* [Exercise directions]
Since only part of the material below is wanted, output exactly the lines from the one with "Pointy Pumps Bow Heel High" up to and including the one with "Imagem de Rockville".

(Source material)

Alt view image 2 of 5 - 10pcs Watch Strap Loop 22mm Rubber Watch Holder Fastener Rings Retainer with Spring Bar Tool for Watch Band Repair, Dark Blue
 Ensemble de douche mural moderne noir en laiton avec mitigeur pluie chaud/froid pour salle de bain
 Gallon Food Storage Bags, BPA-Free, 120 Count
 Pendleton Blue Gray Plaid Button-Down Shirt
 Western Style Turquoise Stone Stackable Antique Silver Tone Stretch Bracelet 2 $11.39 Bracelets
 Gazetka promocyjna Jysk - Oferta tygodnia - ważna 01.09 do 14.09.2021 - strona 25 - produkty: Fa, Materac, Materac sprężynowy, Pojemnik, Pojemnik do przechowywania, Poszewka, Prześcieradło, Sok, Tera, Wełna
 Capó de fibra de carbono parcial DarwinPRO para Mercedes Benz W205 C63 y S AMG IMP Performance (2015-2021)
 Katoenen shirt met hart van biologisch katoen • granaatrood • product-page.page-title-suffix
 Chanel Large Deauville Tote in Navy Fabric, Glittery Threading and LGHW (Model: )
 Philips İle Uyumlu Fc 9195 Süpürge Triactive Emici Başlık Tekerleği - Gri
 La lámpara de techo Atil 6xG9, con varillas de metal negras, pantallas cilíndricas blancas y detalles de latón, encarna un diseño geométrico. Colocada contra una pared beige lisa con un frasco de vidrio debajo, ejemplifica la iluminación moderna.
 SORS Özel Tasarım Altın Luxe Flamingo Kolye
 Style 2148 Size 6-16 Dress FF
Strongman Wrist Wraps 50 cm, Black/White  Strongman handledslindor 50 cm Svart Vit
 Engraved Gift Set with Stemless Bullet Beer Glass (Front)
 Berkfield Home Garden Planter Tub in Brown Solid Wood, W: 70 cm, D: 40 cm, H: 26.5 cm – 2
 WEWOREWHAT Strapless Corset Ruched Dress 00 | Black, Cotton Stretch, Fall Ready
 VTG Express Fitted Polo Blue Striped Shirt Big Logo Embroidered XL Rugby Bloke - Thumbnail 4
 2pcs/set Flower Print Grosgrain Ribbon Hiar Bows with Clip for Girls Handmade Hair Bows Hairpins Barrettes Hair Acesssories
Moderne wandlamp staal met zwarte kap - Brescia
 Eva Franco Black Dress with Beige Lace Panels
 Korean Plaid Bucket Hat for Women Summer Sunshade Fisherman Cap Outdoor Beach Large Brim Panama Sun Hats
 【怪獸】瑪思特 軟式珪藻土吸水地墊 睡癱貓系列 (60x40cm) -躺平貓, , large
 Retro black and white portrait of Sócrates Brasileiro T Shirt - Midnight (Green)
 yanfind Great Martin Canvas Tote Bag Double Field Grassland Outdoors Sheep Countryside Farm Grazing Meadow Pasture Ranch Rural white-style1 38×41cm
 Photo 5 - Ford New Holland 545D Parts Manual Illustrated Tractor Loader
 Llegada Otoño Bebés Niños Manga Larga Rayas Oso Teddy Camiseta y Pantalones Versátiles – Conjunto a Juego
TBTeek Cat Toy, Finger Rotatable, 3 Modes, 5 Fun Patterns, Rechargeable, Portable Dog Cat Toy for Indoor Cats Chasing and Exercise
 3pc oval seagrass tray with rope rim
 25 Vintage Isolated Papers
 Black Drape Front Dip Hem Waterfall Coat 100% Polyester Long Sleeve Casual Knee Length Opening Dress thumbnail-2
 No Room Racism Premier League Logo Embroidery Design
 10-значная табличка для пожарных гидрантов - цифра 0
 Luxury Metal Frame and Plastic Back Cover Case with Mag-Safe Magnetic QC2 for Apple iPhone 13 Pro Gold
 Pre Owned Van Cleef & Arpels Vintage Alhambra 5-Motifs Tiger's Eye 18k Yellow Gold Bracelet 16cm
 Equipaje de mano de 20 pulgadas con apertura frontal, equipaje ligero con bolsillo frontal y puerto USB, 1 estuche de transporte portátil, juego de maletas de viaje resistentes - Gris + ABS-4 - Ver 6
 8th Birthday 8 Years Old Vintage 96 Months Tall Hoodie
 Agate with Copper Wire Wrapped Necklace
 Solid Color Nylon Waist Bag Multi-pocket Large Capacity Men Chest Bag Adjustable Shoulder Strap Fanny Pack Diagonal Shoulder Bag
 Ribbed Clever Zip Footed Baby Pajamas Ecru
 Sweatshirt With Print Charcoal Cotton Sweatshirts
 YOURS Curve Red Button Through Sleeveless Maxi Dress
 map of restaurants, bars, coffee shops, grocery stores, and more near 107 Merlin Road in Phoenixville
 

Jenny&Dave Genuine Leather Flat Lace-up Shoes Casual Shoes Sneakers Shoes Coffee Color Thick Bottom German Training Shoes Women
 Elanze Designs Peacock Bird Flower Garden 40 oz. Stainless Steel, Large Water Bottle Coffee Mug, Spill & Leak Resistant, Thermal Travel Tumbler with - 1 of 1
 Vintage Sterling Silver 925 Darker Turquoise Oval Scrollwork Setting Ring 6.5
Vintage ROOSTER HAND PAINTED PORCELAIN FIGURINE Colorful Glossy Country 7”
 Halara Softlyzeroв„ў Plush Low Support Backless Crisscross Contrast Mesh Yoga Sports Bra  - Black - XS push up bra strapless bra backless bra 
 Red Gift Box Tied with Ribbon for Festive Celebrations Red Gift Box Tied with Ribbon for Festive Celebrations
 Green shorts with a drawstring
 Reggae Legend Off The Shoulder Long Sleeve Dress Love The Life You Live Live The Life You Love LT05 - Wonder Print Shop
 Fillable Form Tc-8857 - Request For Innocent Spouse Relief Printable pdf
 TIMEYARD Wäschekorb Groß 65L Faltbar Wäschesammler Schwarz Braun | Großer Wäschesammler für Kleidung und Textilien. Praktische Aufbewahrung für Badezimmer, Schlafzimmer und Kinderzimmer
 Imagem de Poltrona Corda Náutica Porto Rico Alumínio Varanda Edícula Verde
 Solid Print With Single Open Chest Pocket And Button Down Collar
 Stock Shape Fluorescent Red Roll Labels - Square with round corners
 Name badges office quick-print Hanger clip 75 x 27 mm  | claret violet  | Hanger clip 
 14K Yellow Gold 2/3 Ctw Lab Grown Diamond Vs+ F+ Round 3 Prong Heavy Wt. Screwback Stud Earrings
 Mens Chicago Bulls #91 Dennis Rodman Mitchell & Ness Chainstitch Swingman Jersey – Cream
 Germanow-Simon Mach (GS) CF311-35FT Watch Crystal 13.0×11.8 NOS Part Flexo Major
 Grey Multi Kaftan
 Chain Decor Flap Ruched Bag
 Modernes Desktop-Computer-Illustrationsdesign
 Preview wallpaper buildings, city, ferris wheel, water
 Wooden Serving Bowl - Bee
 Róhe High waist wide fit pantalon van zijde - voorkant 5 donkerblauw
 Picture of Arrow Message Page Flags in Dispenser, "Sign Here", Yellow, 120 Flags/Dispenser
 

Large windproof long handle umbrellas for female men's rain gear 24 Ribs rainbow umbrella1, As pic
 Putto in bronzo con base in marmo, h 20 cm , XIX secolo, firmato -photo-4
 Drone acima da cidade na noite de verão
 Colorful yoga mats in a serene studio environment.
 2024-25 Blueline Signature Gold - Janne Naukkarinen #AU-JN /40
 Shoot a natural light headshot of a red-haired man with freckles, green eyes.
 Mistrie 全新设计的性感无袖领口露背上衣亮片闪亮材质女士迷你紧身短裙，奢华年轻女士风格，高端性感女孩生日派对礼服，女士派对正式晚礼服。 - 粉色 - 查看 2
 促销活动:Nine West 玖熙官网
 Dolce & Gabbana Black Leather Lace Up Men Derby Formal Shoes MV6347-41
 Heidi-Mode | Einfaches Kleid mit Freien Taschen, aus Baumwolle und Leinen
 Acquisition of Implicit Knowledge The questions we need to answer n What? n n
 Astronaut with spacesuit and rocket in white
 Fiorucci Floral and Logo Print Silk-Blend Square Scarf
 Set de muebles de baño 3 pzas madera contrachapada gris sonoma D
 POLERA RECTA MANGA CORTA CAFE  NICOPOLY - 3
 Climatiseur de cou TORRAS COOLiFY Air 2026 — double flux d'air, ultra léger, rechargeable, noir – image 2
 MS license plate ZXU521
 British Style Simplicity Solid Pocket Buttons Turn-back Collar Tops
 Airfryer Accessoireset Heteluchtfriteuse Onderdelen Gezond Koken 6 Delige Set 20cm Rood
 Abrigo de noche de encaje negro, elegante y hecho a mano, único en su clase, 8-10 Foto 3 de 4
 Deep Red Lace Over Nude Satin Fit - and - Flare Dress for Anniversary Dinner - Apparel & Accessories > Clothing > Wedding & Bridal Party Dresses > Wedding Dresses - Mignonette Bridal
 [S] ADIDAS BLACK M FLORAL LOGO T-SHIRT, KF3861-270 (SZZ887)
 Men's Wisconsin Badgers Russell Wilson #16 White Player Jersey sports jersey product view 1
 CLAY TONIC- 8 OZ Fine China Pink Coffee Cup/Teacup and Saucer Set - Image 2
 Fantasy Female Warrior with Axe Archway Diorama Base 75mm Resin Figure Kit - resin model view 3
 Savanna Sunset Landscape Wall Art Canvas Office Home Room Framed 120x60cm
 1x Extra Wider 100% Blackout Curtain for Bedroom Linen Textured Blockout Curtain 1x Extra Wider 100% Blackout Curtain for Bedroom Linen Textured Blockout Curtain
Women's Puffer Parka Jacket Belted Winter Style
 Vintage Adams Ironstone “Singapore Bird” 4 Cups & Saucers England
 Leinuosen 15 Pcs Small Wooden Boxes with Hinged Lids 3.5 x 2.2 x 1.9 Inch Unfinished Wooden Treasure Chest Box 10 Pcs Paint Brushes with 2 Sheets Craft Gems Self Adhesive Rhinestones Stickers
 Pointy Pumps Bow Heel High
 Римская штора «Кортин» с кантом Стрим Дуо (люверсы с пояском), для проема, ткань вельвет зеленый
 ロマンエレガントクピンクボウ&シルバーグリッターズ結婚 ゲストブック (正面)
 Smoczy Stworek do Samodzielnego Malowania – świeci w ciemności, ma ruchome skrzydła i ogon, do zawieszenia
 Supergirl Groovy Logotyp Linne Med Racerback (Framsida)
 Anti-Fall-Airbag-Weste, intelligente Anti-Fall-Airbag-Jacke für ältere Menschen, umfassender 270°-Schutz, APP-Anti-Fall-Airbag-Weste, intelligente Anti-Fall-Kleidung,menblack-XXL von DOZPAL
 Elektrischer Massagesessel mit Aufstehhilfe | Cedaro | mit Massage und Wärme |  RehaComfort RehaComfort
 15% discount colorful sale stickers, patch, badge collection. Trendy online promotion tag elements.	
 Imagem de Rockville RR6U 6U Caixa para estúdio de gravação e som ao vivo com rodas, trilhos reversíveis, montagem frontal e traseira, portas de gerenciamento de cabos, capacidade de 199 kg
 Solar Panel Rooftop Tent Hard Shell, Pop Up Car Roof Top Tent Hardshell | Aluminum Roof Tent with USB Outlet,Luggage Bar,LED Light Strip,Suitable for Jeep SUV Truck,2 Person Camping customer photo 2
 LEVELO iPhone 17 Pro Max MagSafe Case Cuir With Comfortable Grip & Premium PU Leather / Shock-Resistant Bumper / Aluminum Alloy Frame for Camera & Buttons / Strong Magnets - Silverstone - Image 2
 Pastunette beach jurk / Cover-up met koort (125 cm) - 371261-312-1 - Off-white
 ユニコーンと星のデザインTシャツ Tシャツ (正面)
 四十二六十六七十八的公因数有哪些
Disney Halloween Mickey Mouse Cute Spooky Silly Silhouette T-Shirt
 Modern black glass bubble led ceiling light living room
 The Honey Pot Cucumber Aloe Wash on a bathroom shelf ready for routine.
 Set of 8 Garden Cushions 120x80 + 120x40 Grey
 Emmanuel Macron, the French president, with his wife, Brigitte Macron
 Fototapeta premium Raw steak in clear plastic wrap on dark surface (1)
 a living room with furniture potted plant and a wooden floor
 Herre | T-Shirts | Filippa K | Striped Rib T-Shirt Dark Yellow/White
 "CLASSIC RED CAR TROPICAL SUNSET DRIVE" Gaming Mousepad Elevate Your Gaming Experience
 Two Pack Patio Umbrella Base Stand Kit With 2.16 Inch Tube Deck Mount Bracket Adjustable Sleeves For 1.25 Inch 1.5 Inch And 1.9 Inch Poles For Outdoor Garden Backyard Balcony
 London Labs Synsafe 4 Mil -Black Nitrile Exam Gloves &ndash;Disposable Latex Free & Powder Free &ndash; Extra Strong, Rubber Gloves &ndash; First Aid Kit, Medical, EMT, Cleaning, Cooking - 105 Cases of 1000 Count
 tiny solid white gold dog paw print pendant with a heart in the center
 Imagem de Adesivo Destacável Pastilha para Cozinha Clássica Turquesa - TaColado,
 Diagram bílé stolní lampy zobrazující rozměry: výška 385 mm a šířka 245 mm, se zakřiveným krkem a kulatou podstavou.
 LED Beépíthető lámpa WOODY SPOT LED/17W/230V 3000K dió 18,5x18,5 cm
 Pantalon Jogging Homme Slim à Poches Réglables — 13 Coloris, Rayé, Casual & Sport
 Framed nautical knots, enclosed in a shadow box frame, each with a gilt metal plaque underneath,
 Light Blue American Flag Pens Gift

(End Source material)

* [Exercise answer]
 Pointy Pumps Bow Heel High
 Римская штора «Кортин» с кантом Стрим Дуо (люверсы с пояском), для проема, ткань вельвет зеленый
 ロマンエレガントクピンクボウ&シルバーグリッターズ結婚 ゲストブック (正面)
 Smoczy Stworek do Samodzielnego Malowania – świeci w ciemności, ma ruchome skrzydła i ogon, do zawieszenia
 Supergirl Groovy Logotyp Linne Med Racerback (Framsida)
 Anti-Fall-Airbag-Weste, intelligente Anti-Fall-Airbag-Jacke für ältere Menschen, umfassender 270°-Schutz, APP-Anti-Fall-Airbag-Weste, intelligente Anti-Fall-Kleidung,menblack-XXL von DOZPAL
 Elektrischer Massagesessel mit Aufstehhilfe | Cedaro | mit Massage und Wärme |  RehaComfort RehaComfort
 15% discount colorful sale stickers, patch, badge collection. Trendy online promotion tag elements.	
 Imagem de Rockville RR6U 6U Caixa para estúdio de gravação e som ao vivo com rodas, trilhos reversíveis, montagem frontal e traseira, portas de gerenciamento de cabos, capacidade de 199 kg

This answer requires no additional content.